Couverture de la brochure éditée en 1989 pour le bicentenaire de la Révolution.

Mon professeur d'Histoire de première, que nous adorions et appelions "Papa Dauge", nous disait avec conviction en détachant bien les syllabes : "Il faut dé-na-po-lé-o-ni-ser la France !", tant l'emprise du mythe napoléonien sur les esprits lui paraissait injustifiée et nocive.

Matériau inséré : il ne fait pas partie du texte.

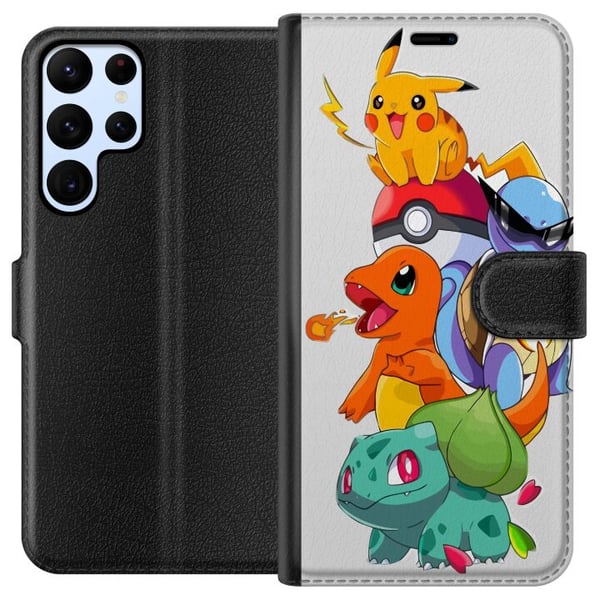 Kompatibelt Plånboksfodral till Samsung Galaxy S22 Ultra 5G Pokémon Pikachu Charmander Squirtle Bulbasaur – färgglad Pokémon stack illustration med f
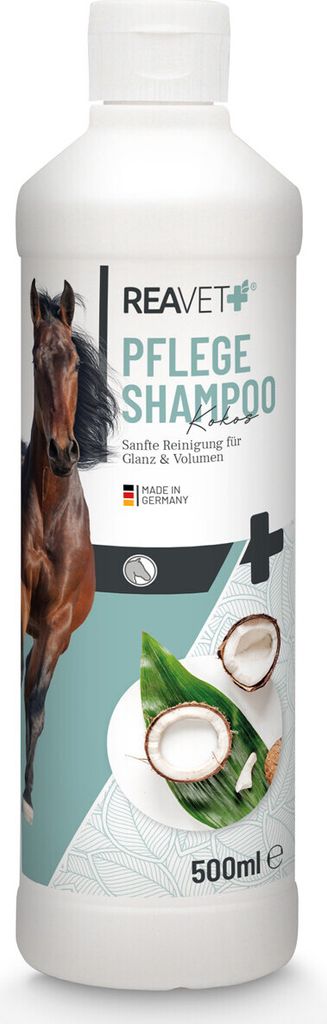 REAVET Pferdeshampoo für Pferde mit Kokos Duft - 500ml Pferde Shampoo pflegt Fell, Schweif & Mähne, Pferd Shampoo für alle Felltypen - Intensi...
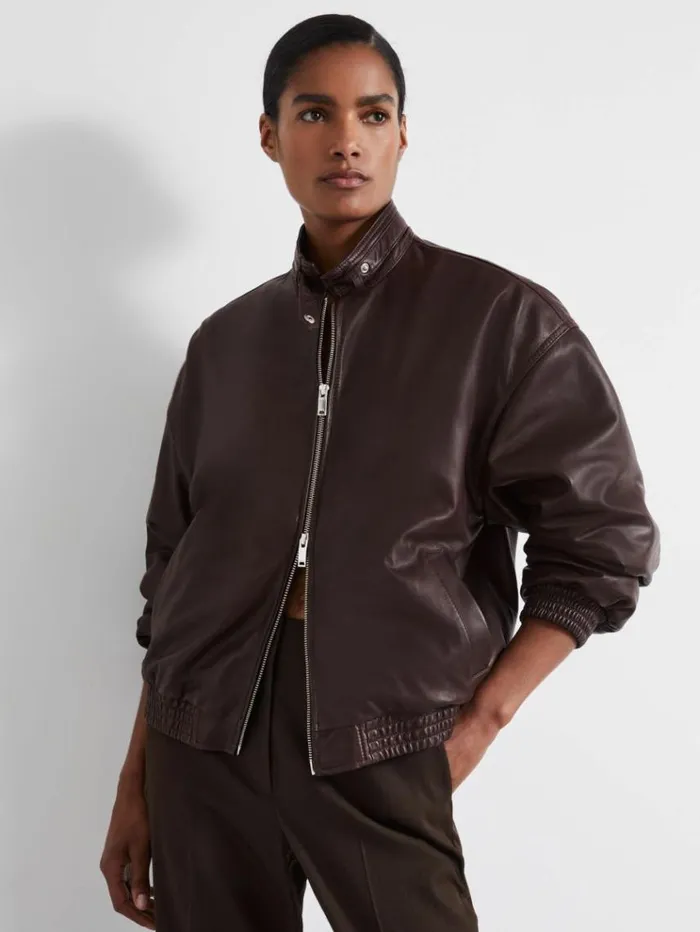REISS Leather Jackets Women Atelier Leather Latched Collar Bomber Jacket Berry REISS Leather Jackets Women Atelier Leather Latched Collar Bomber Jacket Berry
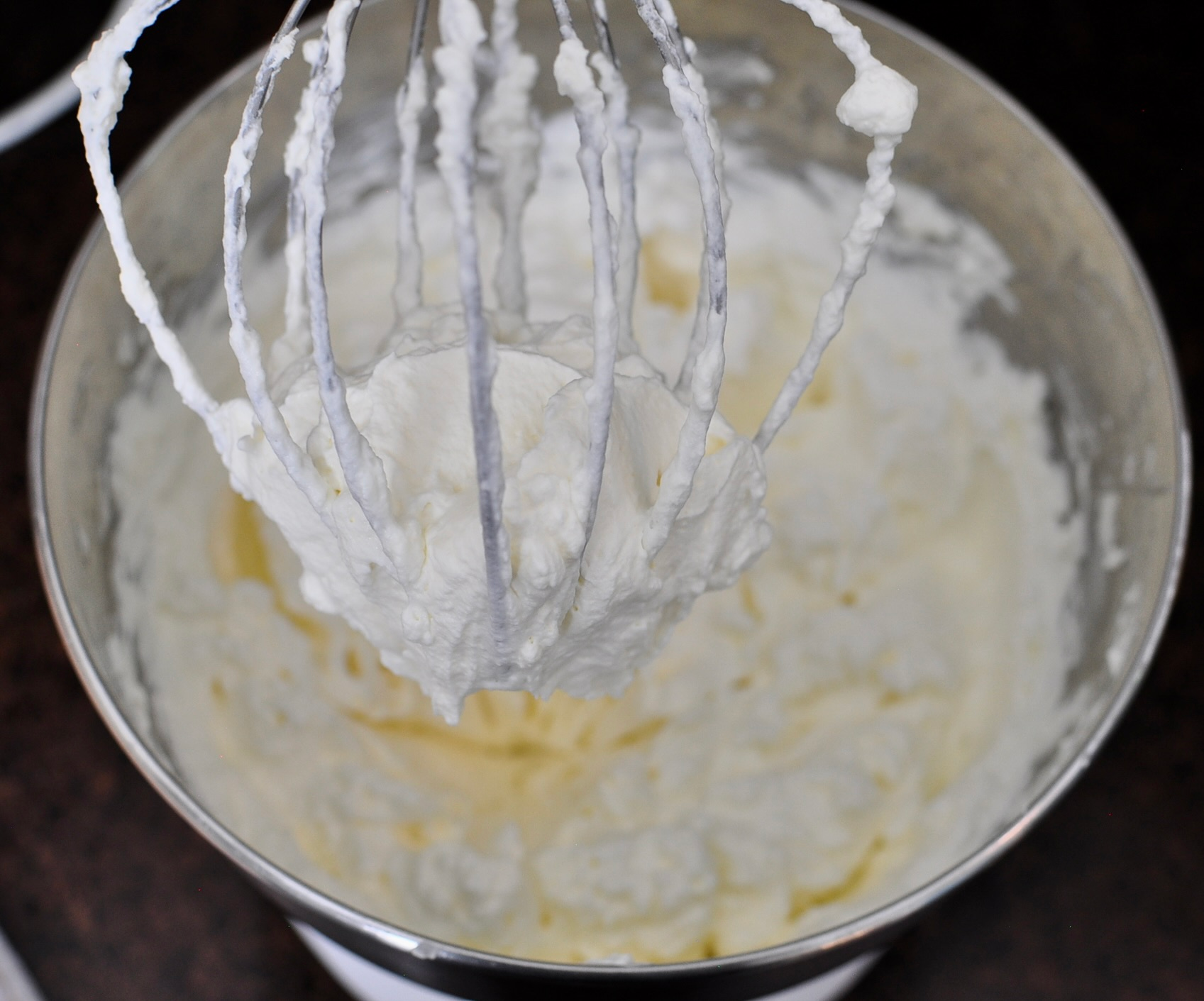 Whipped Heavy Cream and Cream Cheese for Berry Trifle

Les événements des dernières semaines autour du thème de la "réforme territoriale" - réservée à "la province" après qu'on eût prudemment réglé d'abord le cas du Grand Paris et de quelques grandes villes - m'ont remis en mémoire une brochure de 82 pages éditée par Ar Falz1 pour le bicentenaire de la Révolution :

Paris accapareur !
Pour une déparisianisation de la Révolution française

Jeune auteur universitaire lors de la parution de l'essai, l'historien allemand Wolfgang Geiger2 y met sous une lumière vive, à travers les documents de l'époque et dans les travaux des historiens et politiciens français d'hier et d'aujourd'hui, la création presque immédiate du mythe de la naissance parisienne de la Révolution française, naissance qui aurait lancé aux villes et aux campagnes le signal devenu fameux : "Le changement, c'est maintenant !".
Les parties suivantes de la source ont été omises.